On Mon, 2010-11-29 at 10:24 -0500, Hal Finkel wrote:
On Mon, 2010-11-29 at 11:07 +0100, Mathias Gaunard wrote:
On 28/11/2010 22:30, Hal Finkel wrote:
Hello,
A few months ago, I created an MPL extension type for representing real numbers.
I find that idea very interesting.
The current default is 20 to allow an effective precision near that of a double. Also, continued fractions, being "based on" rational numbers, can exactly represent any rational (for example, 1/3) so the computations can be more accurate than those using a floating-point representation.
It would be nice to know what minimum value is necessary to provide correctly rounded results for IEEE754 floats and doubles.
This depends on the number: For a rational, you need only two integers ;)

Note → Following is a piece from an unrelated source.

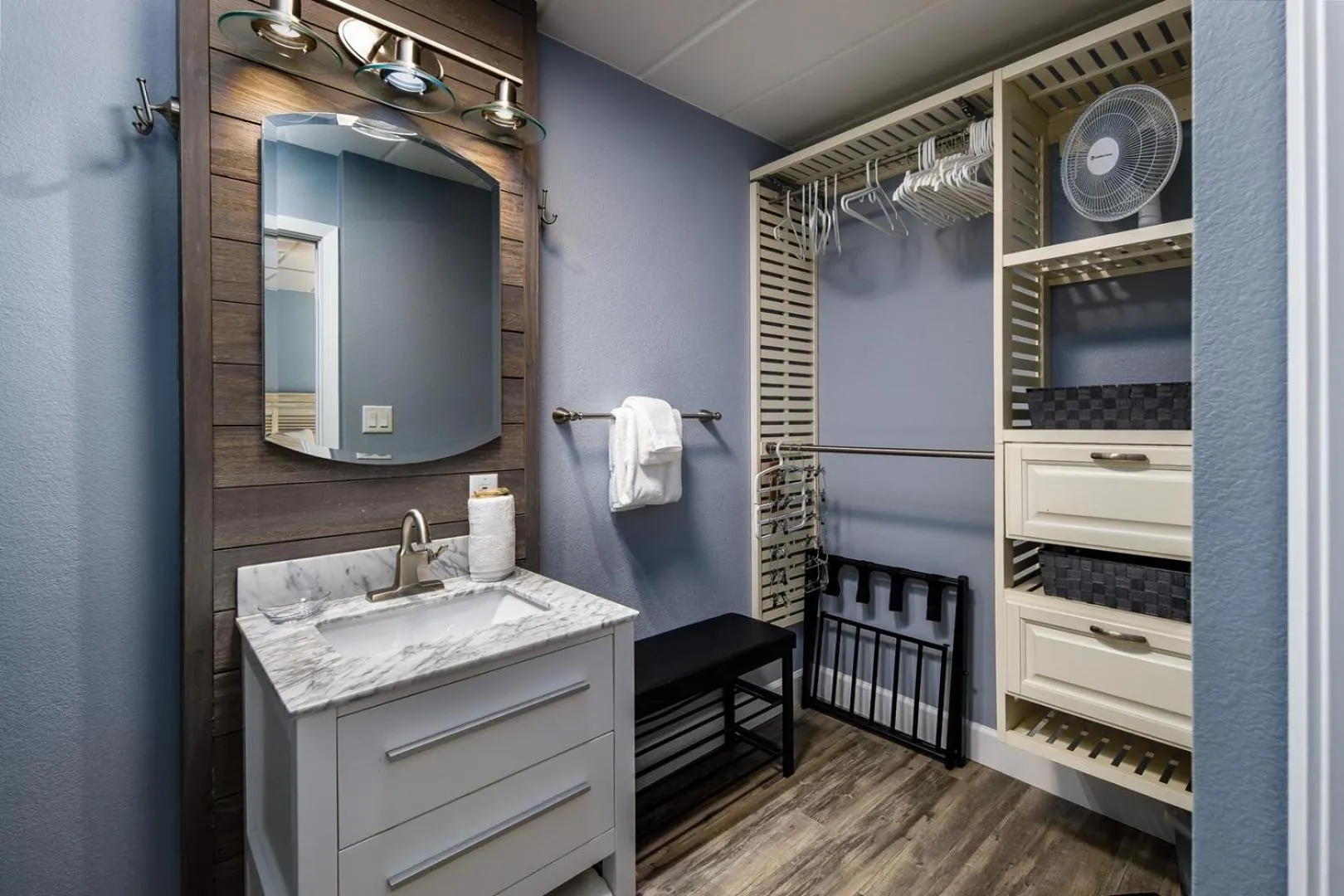 Bed in Seaspray Condos 210D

Actually, ignore that statement. You only need two integers for a0 + 1/a1, in general you need more. For example, if you look at the test program (basic.cpp in the archive), it provides some examples (where the floating-point output is float, double, long double): 3/2 + 1/4 = [ 1 1 3] 1.75 1.75 1.75 1/7 + 1/15 = [ 0 4 1 3 2 2] 0.209524 0.20952380952381 0.209523809523809524 There are other continued fraction representations where any rational can be represented with a fixed number of integers (a0 + b0/(a1 + ...)), but the algorithms are a little more complicated, and I fear the compile times would increase. -Hal
For a general real number, it depends on the rate of convergence. In my experience, you get about one decimal digit per integer coefficient, so 10 is sufficient for single precision, 20 for double precision (and long double too on an x86, since the extended type there is only 18 digits). The MPL containers generally come in max-size-increments of 10, but it would not be too hard to generate something else.